▶ MATERIAL PROVIDED:
[Start of Attachment]
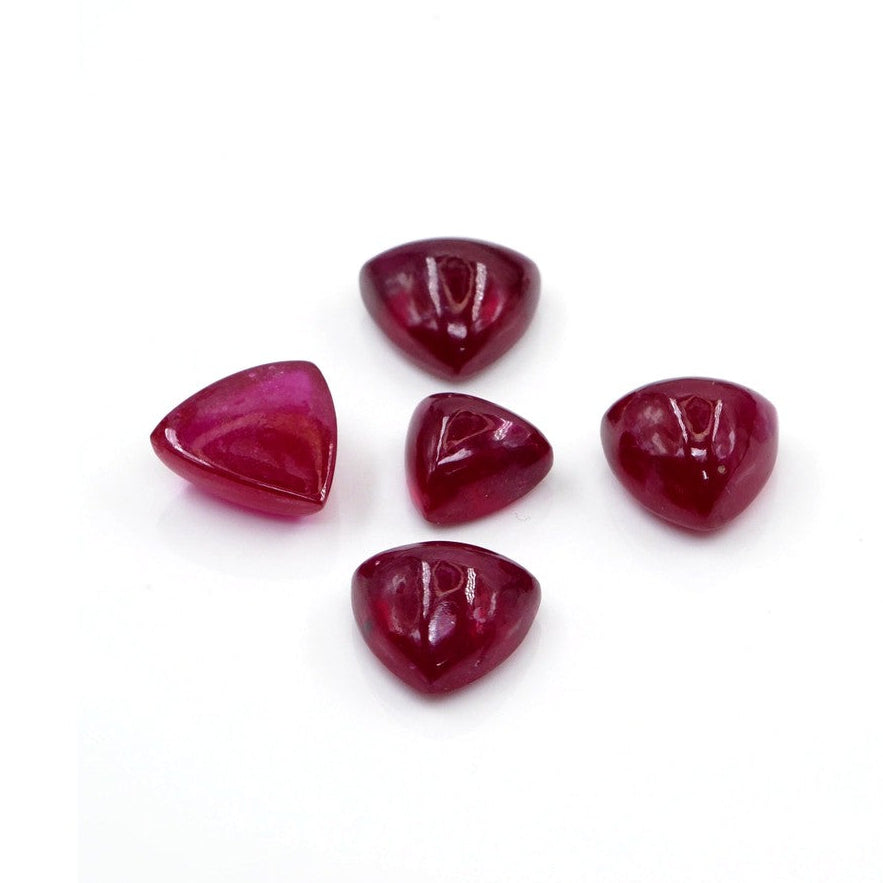 Natural Bangkok Ruby Calibrated Cabochon Trillions | 5mm & 6mm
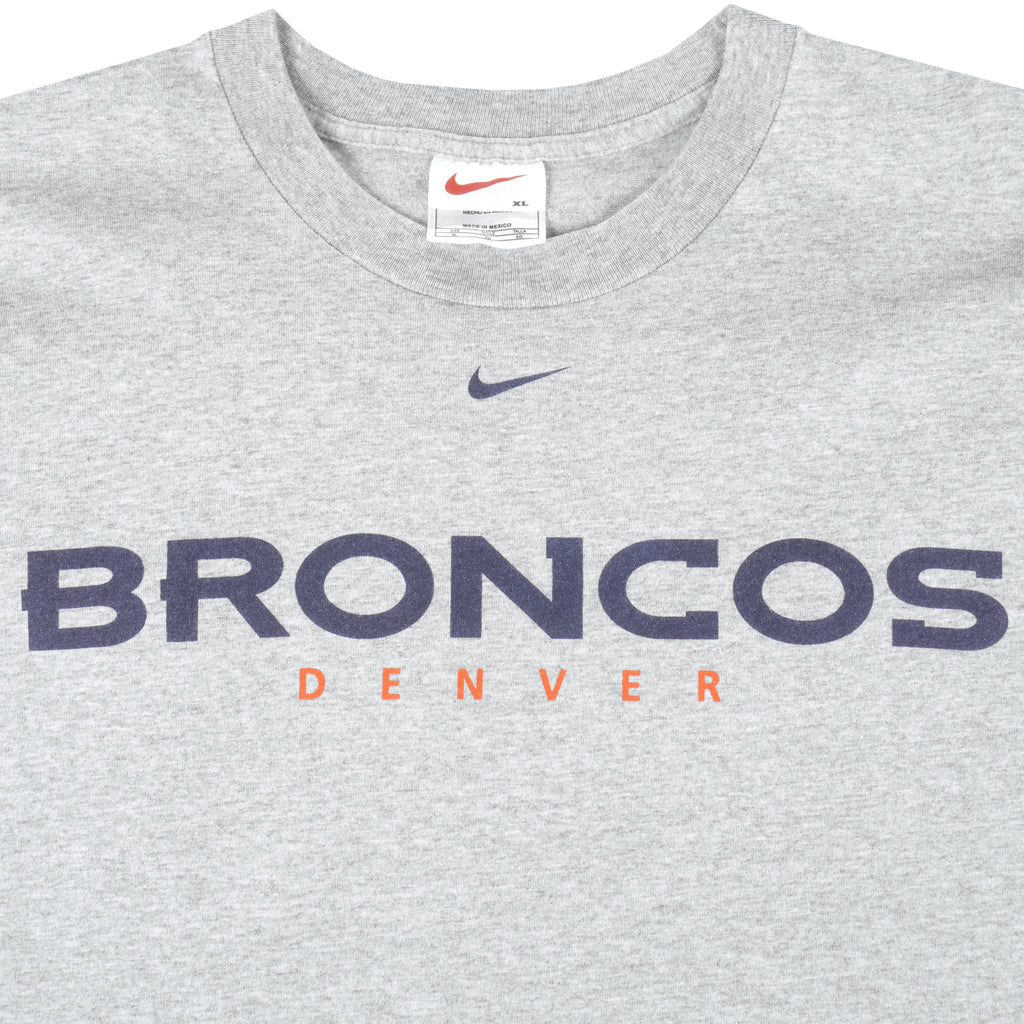 Nike - Grey Denver Broncos T-Shirt 1990s X-Large Vintage Retro Football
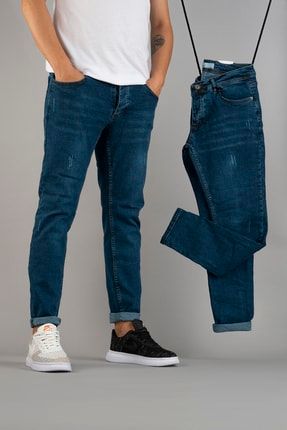 Erkek Slim Fit Likralı Tırnaklı Kot Pantolon Mavi TRE-5465L-138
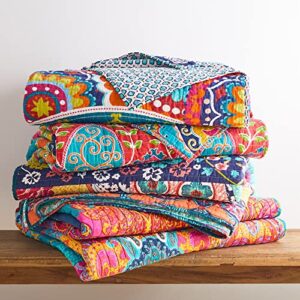 Levtex Home - Mackenzie Quilt Set - Full/Queen Quilt (88x92in.) + Two Standard Pillow Shams (26x20in.) - Bohemian - Teal, Orange, Yellow, Green, Blue - Cotton Fabric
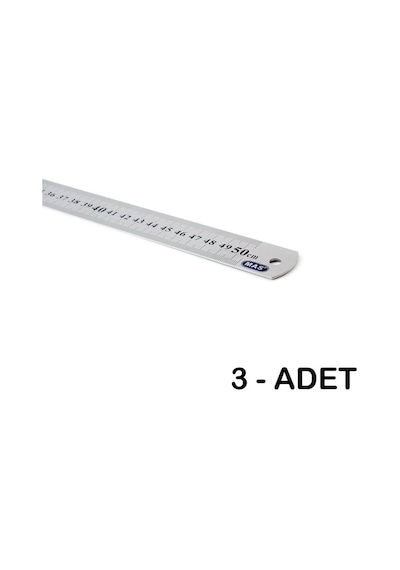 Mas 2350 Çelik Cetvel 50cm - 3 Adet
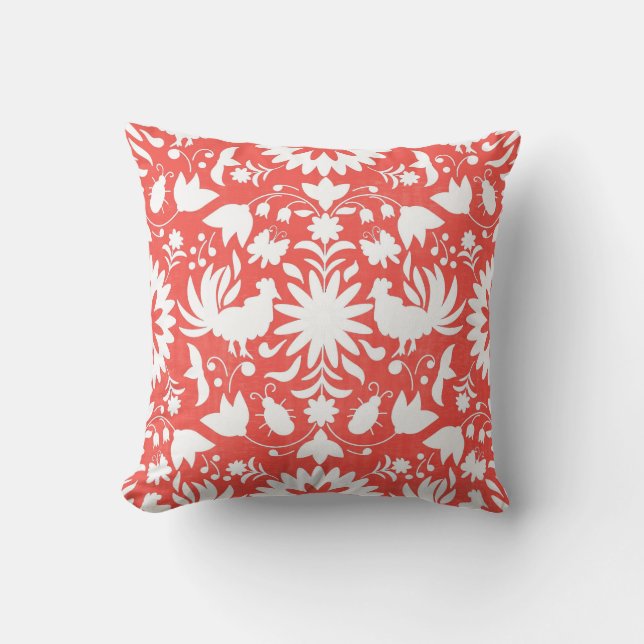 Otomi Druck, Koralle u. weißes Boho Wurfs-Kissen Kissen (Vorderseite)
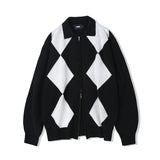 アーガイル2WAYジップアップポロカーディガン / ARGYLE 2WAY ZIP UP POLO GARDIGAN BLACK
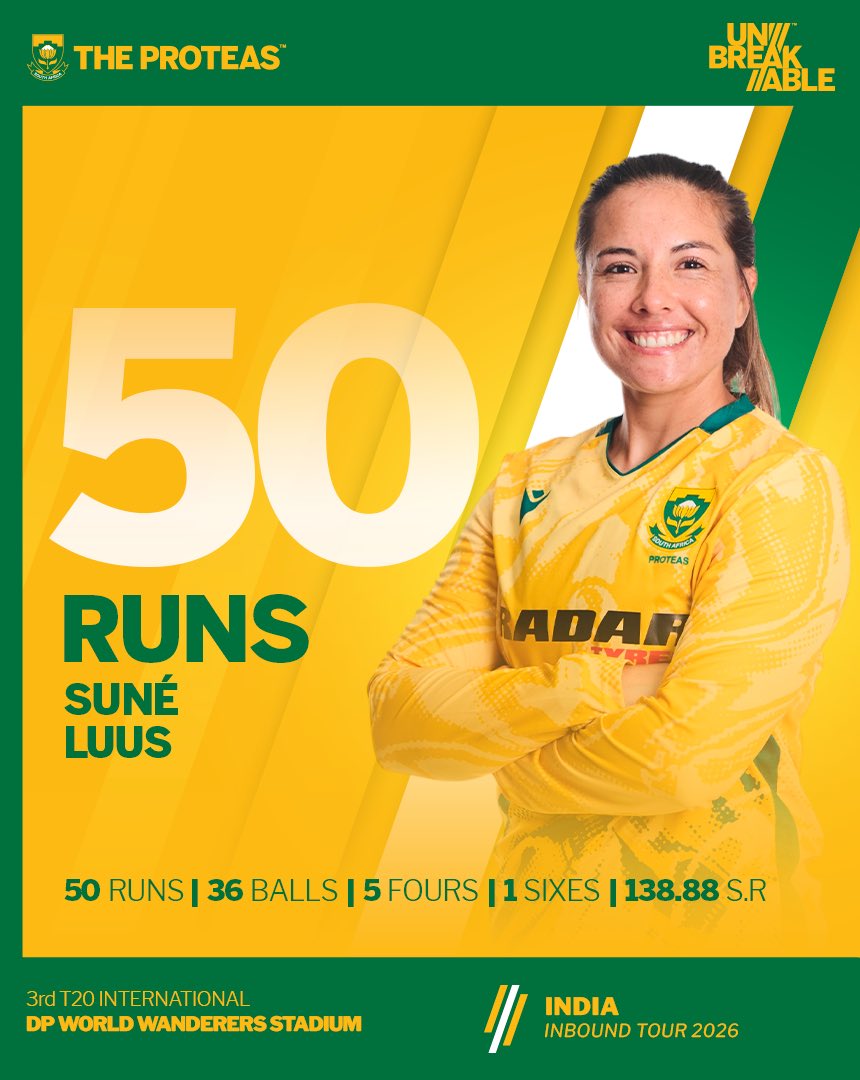 ProteasWomenCSA's tweet photo. Silky Support, Big Impact! 💥

Suné Luus plays a crucial hand as she brings up a composed and valuable half-century in a partnership that has commanded this chase for #TheProteas. 💫🏏

#Unbreakable https://t.co/EHoJneYOFl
[End of Attachment]
▶ WORK REQUEST:
All lines from the one containing "ProteasWomenCSA's tweet photo." through the final line of the entries above are to be copied exactly; the pictures are not.

▶ ANSWER TO THE PROBLEM:
 ProteasWomenCSA's tweet photo. Silky Support, Big Impact! 💥

Suné Luus plays a crucial hand as she brings up a composed and valuable half-century in a partnership that has commanded this chase for #TheProteas. 💫🏏

#Unbreakable https://t.co/EHoJneYOFl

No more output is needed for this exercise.